Sergio didn’t judge the weak and desperate men. Nor did he try to understand their actions. Deep down, he knew. This depravity wasn’t surprising; it had always fuelled human nature. But he wouldn’t talk about that, either. If he had children one day, he would never tell them how monstrous humans can be, only of how they disappoint. Sergio often thought about how many of the cannibals were likely fathers. Would they have been willing to eat the flesh of their offspring just as they devoured men they had stood alongside, even liked?
He thought back to the stories his mother used to tell him when he was little, stories of ogres and boogeymen who gobbled up naughty children. He began to wonder how much was pure fiction. What he held true as a child was reduced to crumbs by the obscene realities war had revealed.
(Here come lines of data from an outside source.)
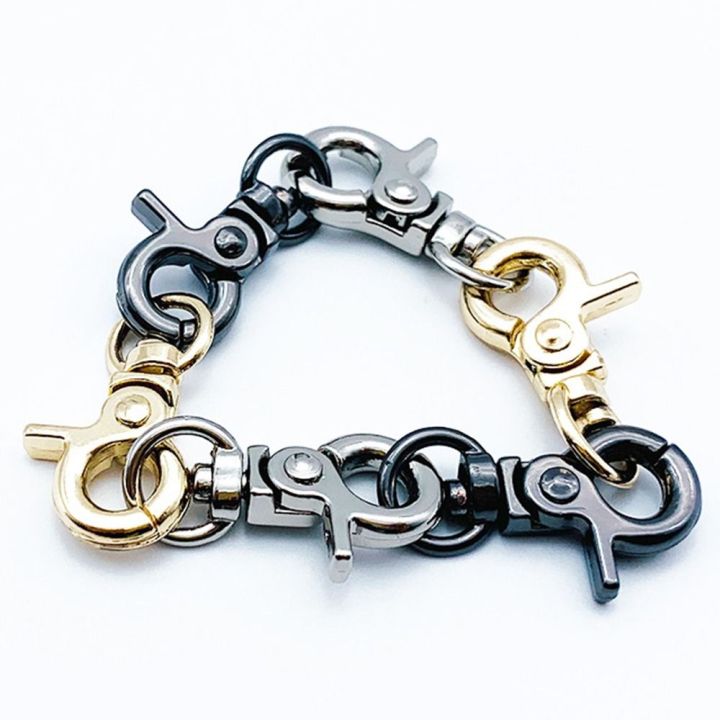 %E3%80%90Booming%E3%80%91%2010pcs%20Black%20Silver%20Webbing%20Buckle%20Belt%20Keychain%20Detachable%20Snap%20Hook%20Leather%20Strap%20Buckles%20Pet%20Leash%20Hooks%20Trigger%20Clips%20-%20Image%206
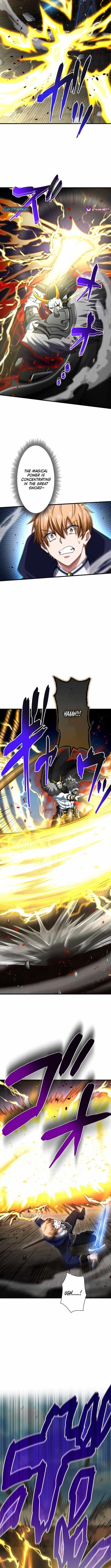 The Magic Sword Saint: The Legend Reborn Chapter 52 - Page 8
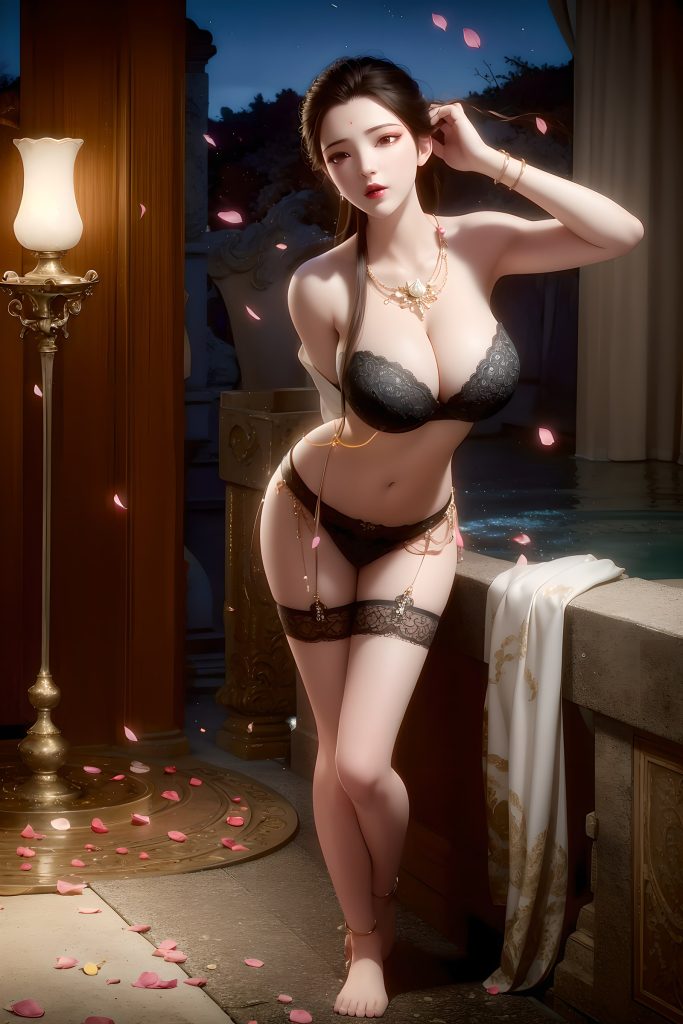 AI绘画 481 婉罗[47P/222MB]-无料摄影圈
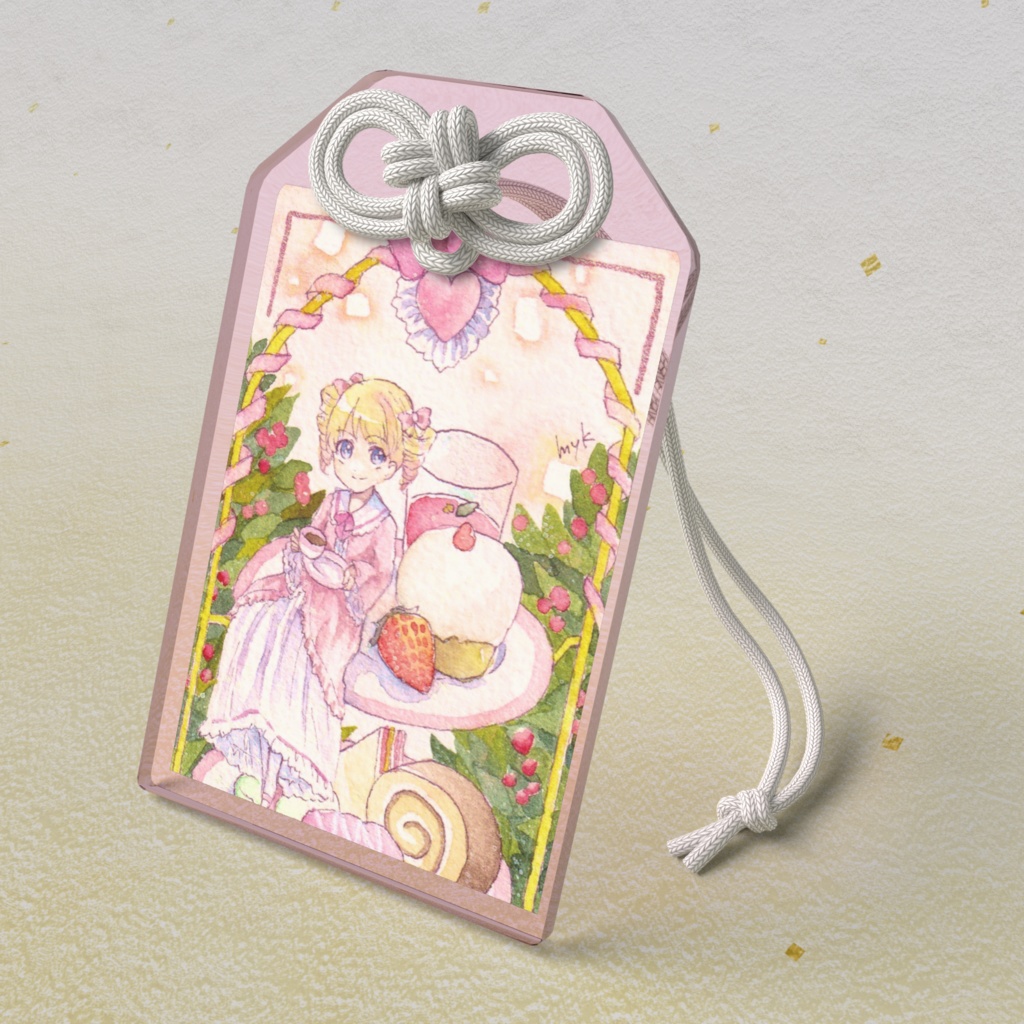 アクリルお守り マリィのお茶会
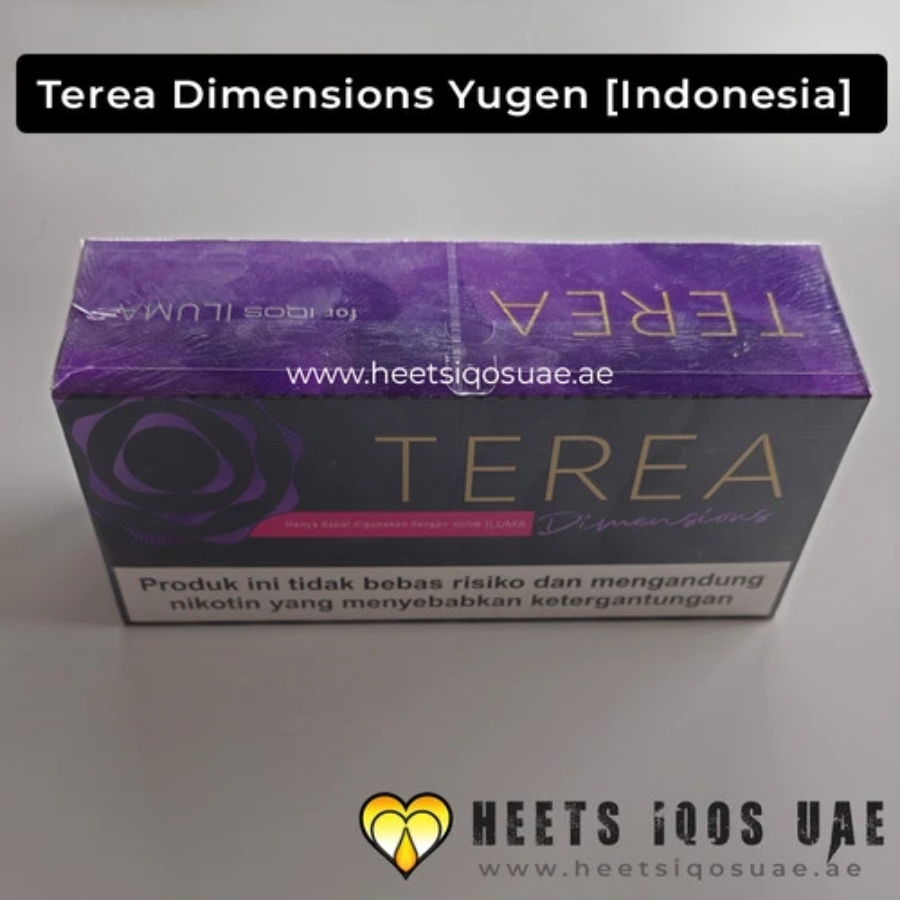 Heets TEREA Dimensions Yugen Indonesia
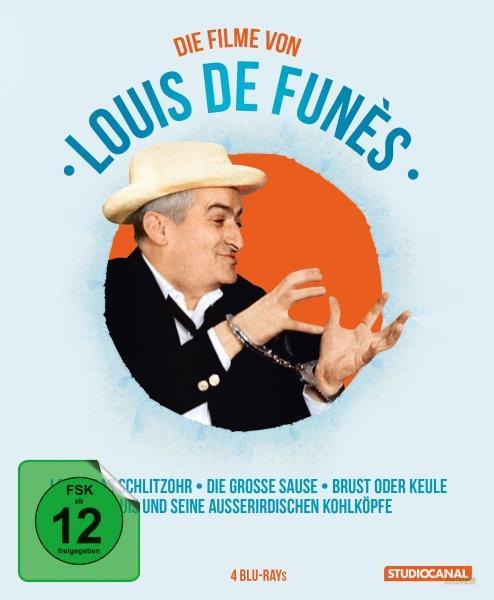 Louis De Funes Edition (Blu-ray, 2017, Deutsch)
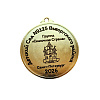 Медаль с гравировкой Детский сад №125 Выборгского района, группа Сказочная Страна с нанесением логотипа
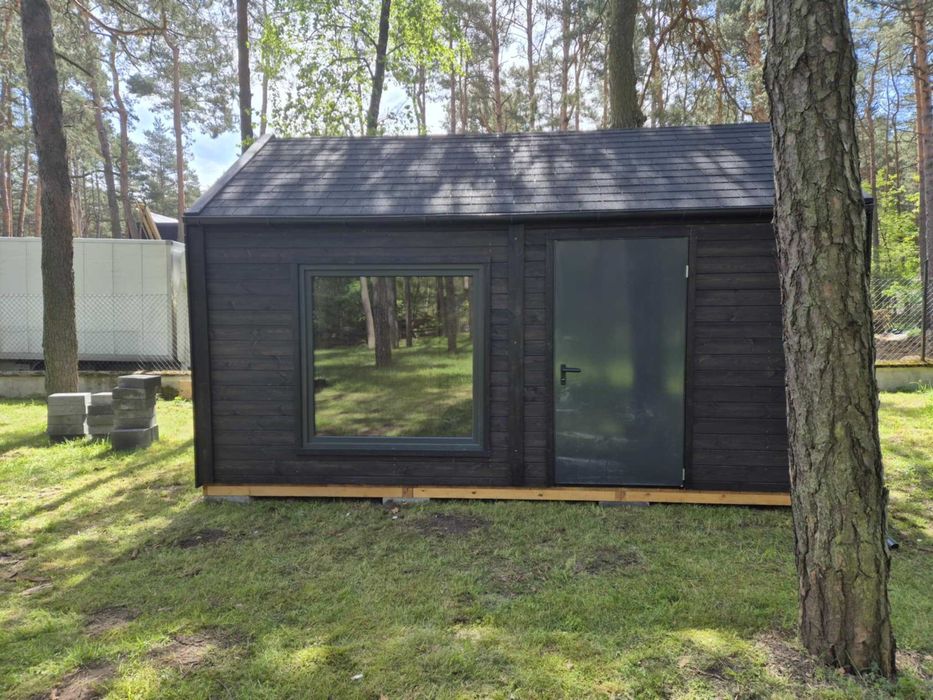 • • • • Domek narzędziowy • • • • D45 IV 3x5 m producent DREWNOTRIK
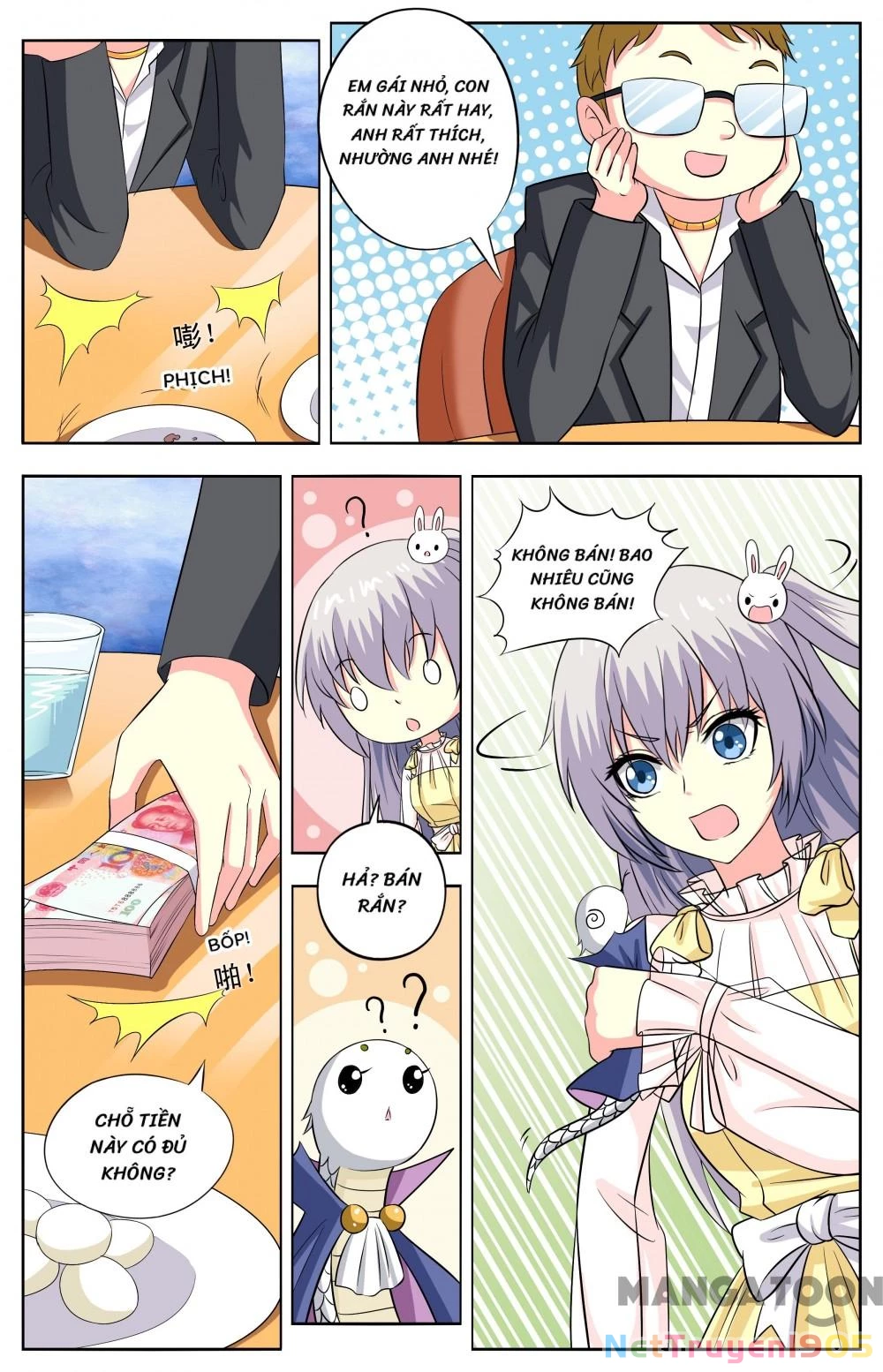 Lời Nguyền Biến Hình Chapter 76 - 5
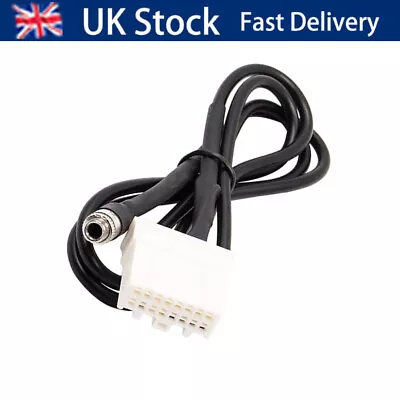 For Mazda 3/6 MX-5 RX8 2006+ Car AUX In Input Female Interface Adapter Cable NEW • £7.85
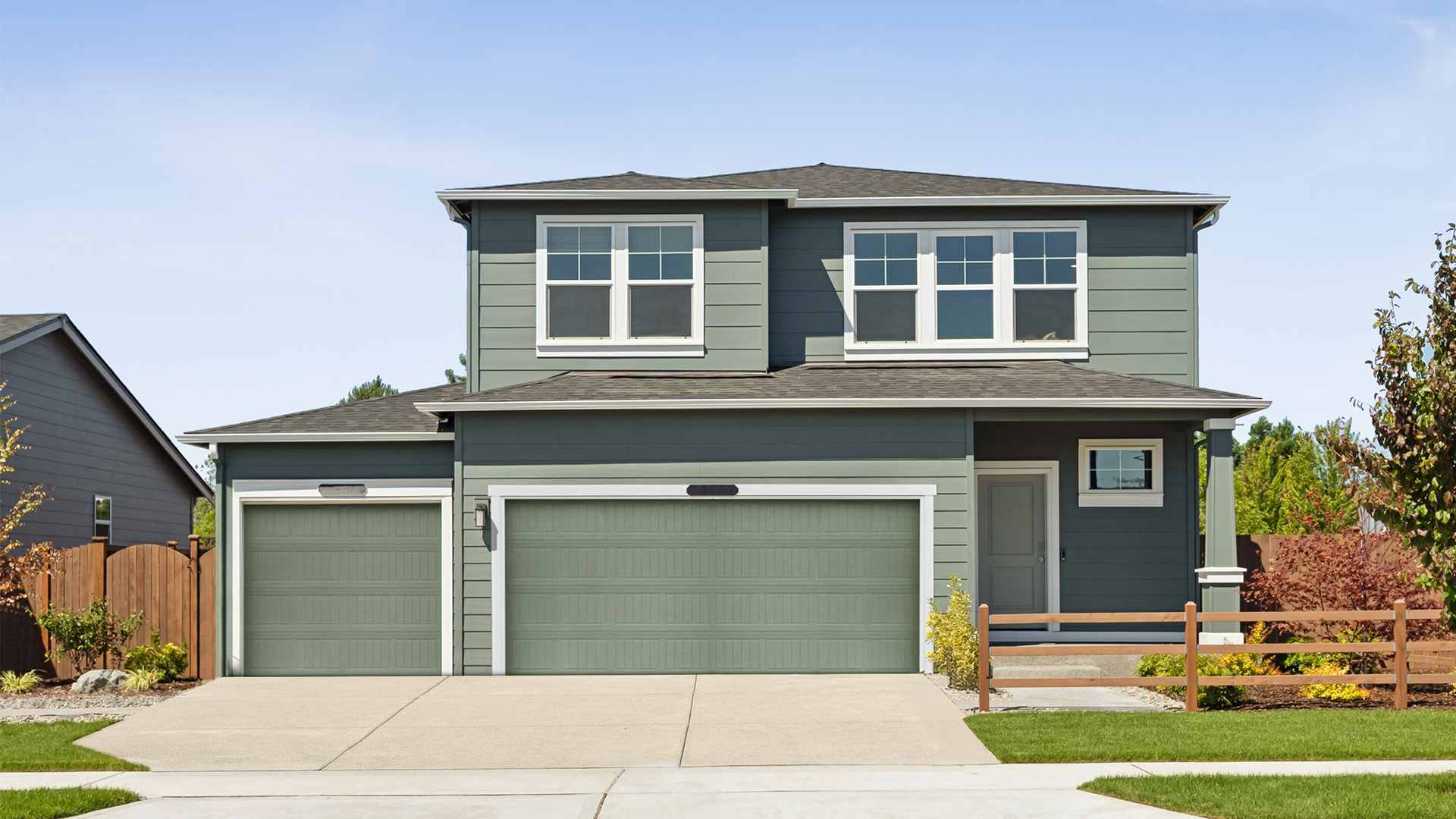 Bakerview by D.R. Horton — photograph published by the builder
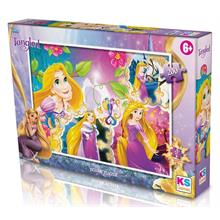 KS Games 200 Parça Tangled (Karmakarışık) Puzzle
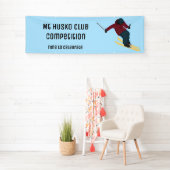 Skiing Spandoek (Insitu)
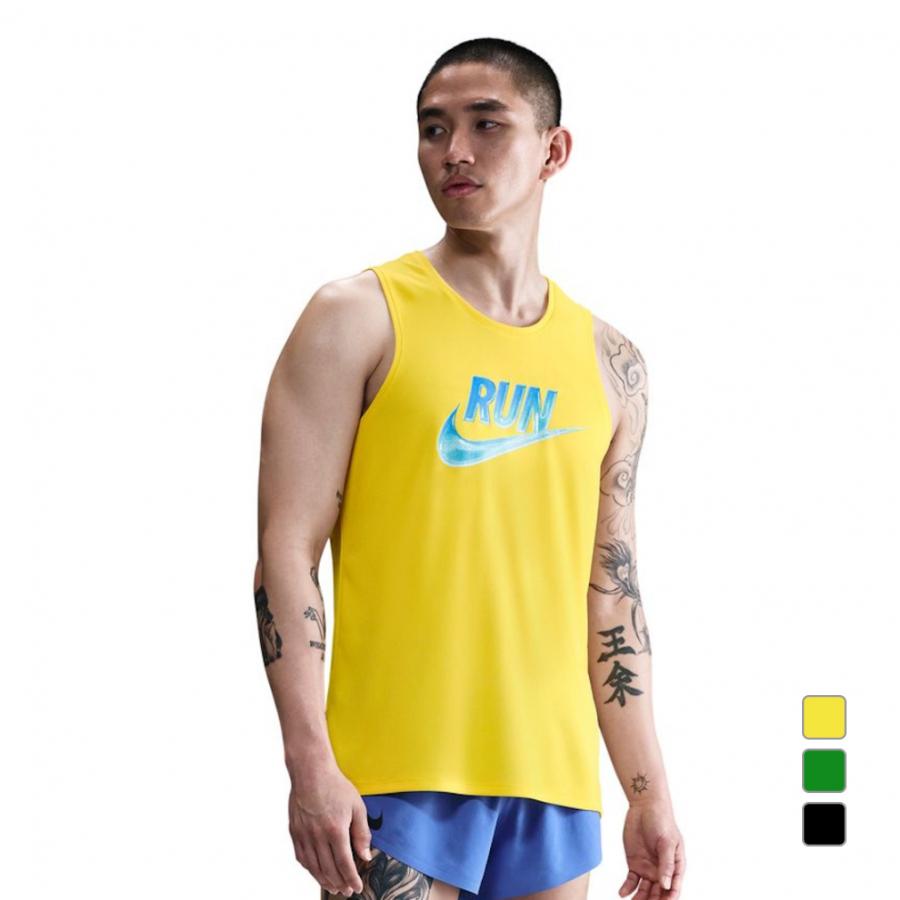 NIKE（ナイキ） メンズ 陸上/ランニング ノースリーブシャツ Dri-FIT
Complexion, the natural colour of human skin. Caucasians have rosy beige, almost peach undertones. The fairer shades are closer to ivory, while those with a sanguine temperament are often darker-skinned, with red and purplish colouring. But Sergio would never again associate human flesh with these hues.
Life would now take on the scarlet of an organ being dislodged and torn apart, with a sharp canine seemingly designed for that very purpose.
Counting the Ghosts
one by one, the prisoners fell sick from malnutrition. Episodes of cannibalism no doubt hastened the spread of bacteria, which the men unknowingly ingested along with their lifeless companions. The epidemic wreaked havoc on the camp; within six months the thousand Italian prisoners numbered only four hundred and fifty skeletal zombies who wouldn’t last long themselves.
Disease preyed on the weakest first, then anyone thrown in its path. It attacked with lightening speed, showing no mercy. Dizenteriya, as the Russians called it, started with a violent fever and unbearable diarrhea; it finished off the men after nearly two weeks of intolerable suffering. The barracks themselves became unbearable, transformed into death traps with scarcely any standards of hygiene. Though the Russians had designated a hangar for the ill, this did little to halt the scourge.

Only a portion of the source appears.